Cook provides peek at Packers' potential

Tom Silverstein
Milwaukee Journal Sentinel
View Comments

SANTA CLARA, Calif. - The Green Bay Packers' offense got a preview of what it will be like to have tight end Jared Cook in the lineup, but it was just a tease because the real test of his impact this season will come when receiver Jordy Nelson returns.

Based on the four catches for 54 yards and four first downs Cook had in a little over a quarter of play in the Packers’ 21-10 victory over the San Francisco 49ers on Friday, the big free-agent pickup may cause some big problems.

“Another weapon for A-Rod,” running back Eddie Lacy said. “It’s dangerous for opponents. It’s real scary. I can’t wait to see myself when I’m playing.”

The Packers won’t find out what Nelson can do for Cook and Cook can do for Nelson until Week 1 against the Jacksonville Jaguars. Nelson took part in pregame warm-ups for the second straight week, but he won’t play during the exhibition season.

They did, however, get a chance to see Cook play live with quarterback Aaron Rodgers and while three of Cook’s catches came with Joe Callahan at quarterback, there was evidence that this offense will have a different look with Cook bringing his talents to multiple positions in coach Mike McCarthy’s scheme.

“I think he’s going to be a big part of our offense," Rodgers said. "He made a lot of plays out there.
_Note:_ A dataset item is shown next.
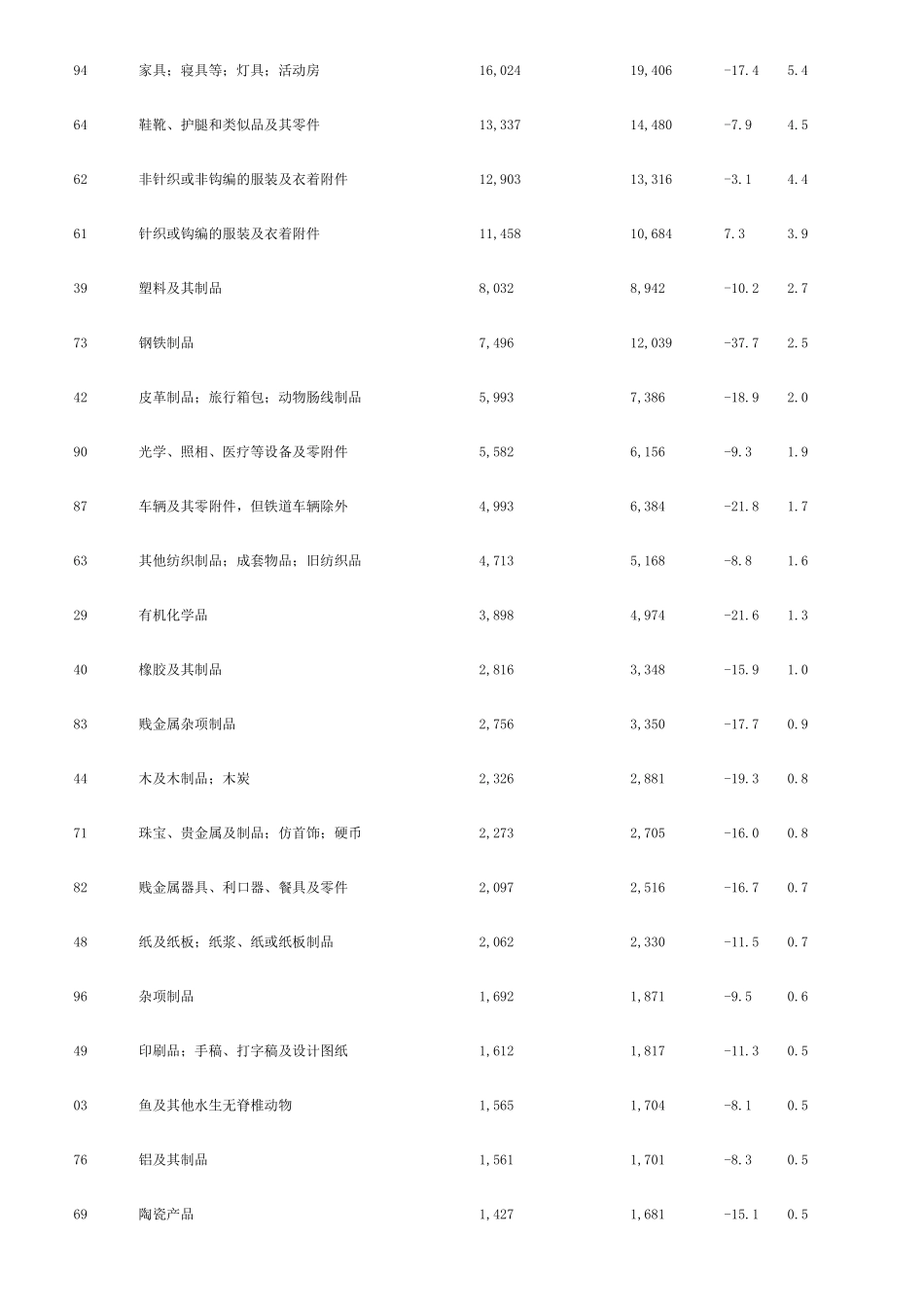 美国货物贸易与中美双边贸易概况综述_第3页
He did a good job on the basic route on third down that I hit him on. He made some contested catches tonight which was nice to see. He did a good job with the ball in his hands.

"He’s a big body who has some athleticism. He did a good job with the stiff arm on the catch on the sideline. That was impressive to watch. It’s going to be fun for us to grow that chemistry over the season. We need him to stay healthy, but he made some really nice plays tonight.”

In his second series with Rodgers, the offense went 87 yards on 14 plays for a touchdown. Rodgers hit receiver Randall Cobb three times for 30 yards, including a 6-yard score, connected once for nine yards with rookie receiver Trevor Davis and handed off to Lacy four times for 34 yards.

“That’s kind of how offenses are built, we kind of help each other,” Cook said. “We can pull coverages in different directions and open it up for the next guy behind you. So, I feel like I can definitely help this offense with that.”

Cook did not stretch the field the way he might be asked to do later in the season, but once Rodgers left he showed he can be a guy who can keep drives going. Callahan went to Cook when he really needed him, once on a third and 5 at the San Francisco 48 and once on fourth and four at the San Francisco 32.

On the third-down play, Callahan hit Cook over the middle right at the sticks and Cook turned his 6-5, 254-pound body around and gained another five yards as multiple tacklers tried to bring him down.

On the fourth-down play, Cook got matched up with a cornerback on the left side and ran a slant. Callahan hit him seven yards down the field and Cook dragged Marcus Cromartie another five yards.

“He’s a big target,” Callahan said. “He’s athletic. He kept making catches that kept drives going. It’s not surprising. We see it in practice. He comes off the ball so well. He’s going to be a big weapon in this offense.”

Cook said this game was just another step in the progression he is making in learning the offense and how to play with Rodgers.

His night was hardly perfect. The most questionable part of his game is blocking and that was evident when on the first series he had a one-on-one block with linebacker Tank Carradine and wound up holding him in order to keep him from decking Rodgers.

The Packers overcame the penalty, but unless Cook shows he can regularly make blocks like that, he’s not going to be on the field every down. Of course, starter Richard Rodgers also had a whiff on a one-on-one pass block, so at this point Cook is not that much more of a liability.

“I felt like things went all right,” Cook said. “But I’m still growing, I’m still getting better. There’s always plays you wish you could have back. You have to learn from them and move forward.”

The biggest thing for Cook is to get used to the fast tempo the Packers run and the way Rodgers manages the line of scrimmage. After that, he has to get a feel for how Rodgers wants various routes to be run and where are the spots he can be most effective.

Cook has lined up outside as a receiver, in the slot, flexed off the line and with his hand down thus far. McCarthy likes to also use his tight ends in the backfield and Cook even had to lead block for running back James Stark in a formation where he and Cobb were stacked in front of Starks.

“I think it went really well,” Cook said. “Still some things to improve on, but I feel like the timing and the tempo went pretty good. It was definitely uptempo and a little faster paced, but I think everybody did a pretty good job of playing together.

“The chemistry was pretty good.”

Green Bay Packers tight end Jared Cook (89) runs with the football against San Francisco 49ers strong safety Jaquiski Tartt (29) during the first quarter at Levi's Stadium.